Violences du seigneur de Charras

En 1646, dans le bourg de Charras, vivaient Jean de La Laurencie, seigneur de Charras, Bertrand son fils, sieur de Seguignas et Jean son petit-fils, sieur de Jumillac. Y vivait aussi Jean Autier, procureur au Présidial d'Angoulême. Le 17 juillet 1646, le sieur de Jumillac et deux de ses valets, armés d'arquebuses, entrèrent dans la cour et le jardin du procureur qu'ils finirent par rencontrer. Ce dernier, probablement en colère de voir qu'on pénétrait ainsi chez lui sans autorisation, ne salua pas le sieur de Jumillac, son seigneur, « lequel lui demanda s'il ne le connaissait pas et lui bailla un grand soufflet. Et incontinent, les deux valets mirent leurs armes en état de tirer »... Le procureur n'avait plus qu'à rentrer chez lui... Comme il s'en allait, le sieur de Jumillac lui cria « qu'il était aussi absolu dans Charras que le Roi était dans Paris ! »
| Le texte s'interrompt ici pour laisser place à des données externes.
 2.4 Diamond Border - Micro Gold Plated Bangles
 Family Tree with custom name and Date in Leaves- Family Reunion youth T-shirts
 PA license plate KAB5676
Une trentaine d'années plus tard, le 13 août 1675, on se plaignit encore du sieur de Jumillac. Il avait donné des coups de bâton à Pierre Rivet, praticien, qui dut attendre plusieurs années pour obtenir réparation de cet outrage. « En effet, disait l'offensé dans sa plainte au Lieutenant-Criminel, que peut-on s'imaginer de plus injurieux et de plus outrageant que des coups de bâtons qui portent avec eux une flétrissure irréparable et l'entière perte de l'honneur, comme a remarqué un des premiers orateurs de notre temps qui, faisant à ce sujet la différence de l'épée et du bâton, dit que c'est un grand malheur de recevoir des coups de bâton, que l'épée est l'instrument de la guerre et que par conséquent il est honnête ; que le bâton est l'instrument des outrages et que par conséquent il est infâme ; que qui frappe avec une épée veut attenter à la vie, mais que qui frappe avec un bâton veut attenter à l'honneur »...
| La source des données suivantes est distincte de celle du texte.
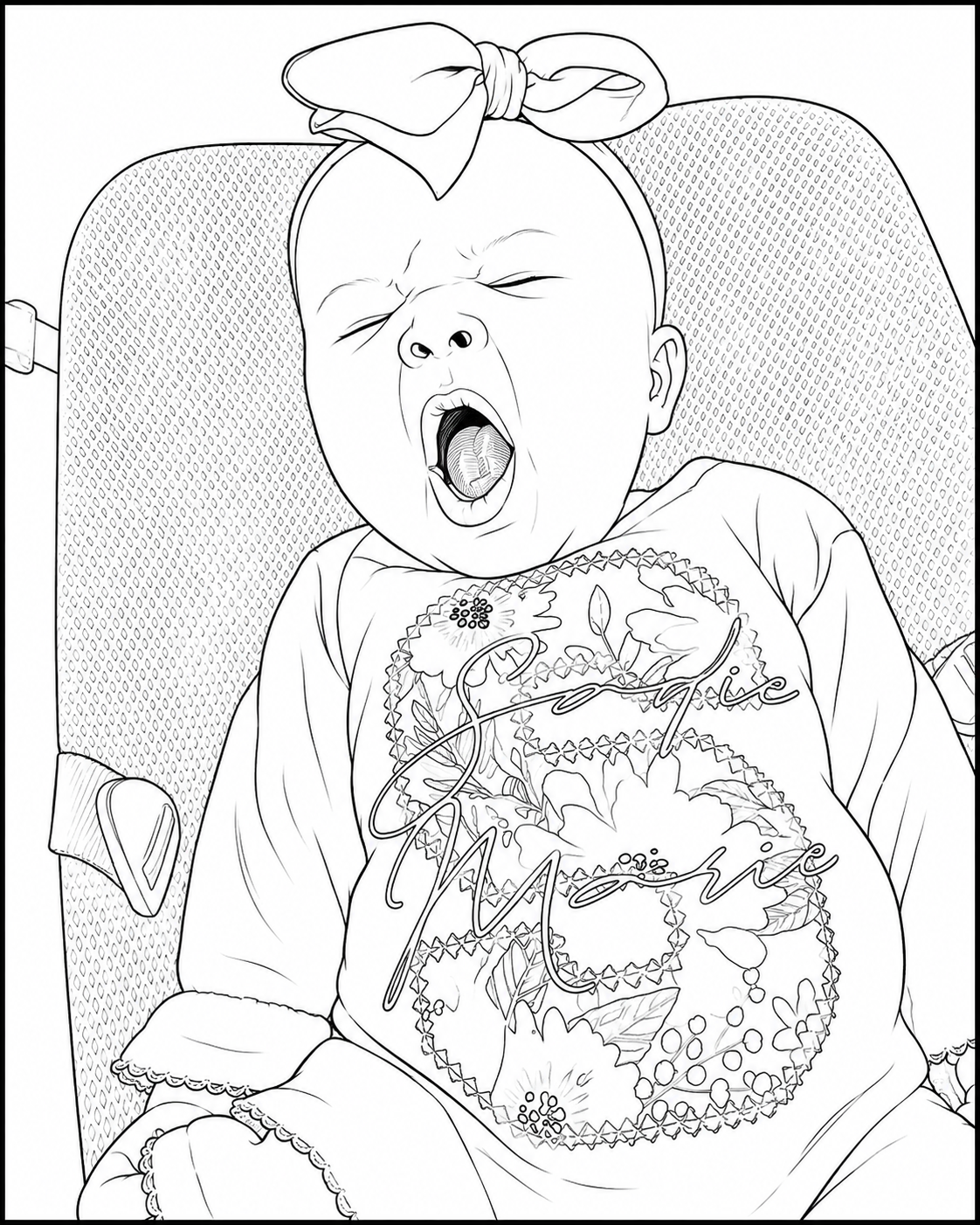 Custom Coloring Page From Your Photo | Printable PDF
Une douzaine de jours plus tard, le sieur de Jumillac adressa de son côté une plainte au Lieutenant-Criminel. « Se promenant dans son bourg de Charras, il rencontra le Père Baruteau, religieux, accompagné de Pierre Rivet et de quelques autres personnes. Il salua le religieux en particulier, et les autres en général, lesquels aussi de leur part lui rendirent le salut qui lui était dû, à la réserve de Pierre Rivet, lequel avec une mine et une contenance fières se tint toujours couvert pendant que son seigneur avait la tête nue, ce qui l'obligea d'essayer de faire tomber le chapeau de Pierre Rivet hors de sa tête, en le poussant avec son bâton et en lui remontrant son devoir. Cependant, poursuivit le seigneur dans sa plainte, ledit Rivet qui se croyait hors la girouette de son seigneur à raison de la qualité de praticien qu'il était venu prendre à Angoulême, prétendait que ce procédé était un grand crime et une injure très outrageante. Il ne s'agissait pourtant que d'un chapeau, qu'un seigneur avait pensé pouvoir renverser au fils d'un paysan, son tenancier, pour une incivilité aussi grossière. Il n'y avait que trois jours que ledit Rivet avait quitté l'aiguillon avec lequel il piquait les bœufs de la charrue que son père conduisait tous les jours. Il était venu en cette ville d'Angoulême, il s'était mis une plume à la main et s'était acquis la qualité de praticien. Il croyait par là être autant que son seigneur et s'imaginait être en droit de lui contester jusque dans le bourg de Charras et de lui refuser le salut. Or, s'il était bien vrai que le salut entre égaux était seulement de civilité, il était de devoir et d'obligation aux Inférieurs envers les Supérieurs, comme du tenancier envers son seigneur ».

A tout cela, Pierre Rivet, répliqua « qu'il demeurait d'accord que véritablement il n'était pas né gentilhomme, mais peu s'en fallait, qu'il était d'une bonne famille et descendait de bourgeois considérables »... et il finit par obtenir 40 livres de dommages-intérêts.

Source : Emotions populaires en Angoumois, de Gabriel Delâge.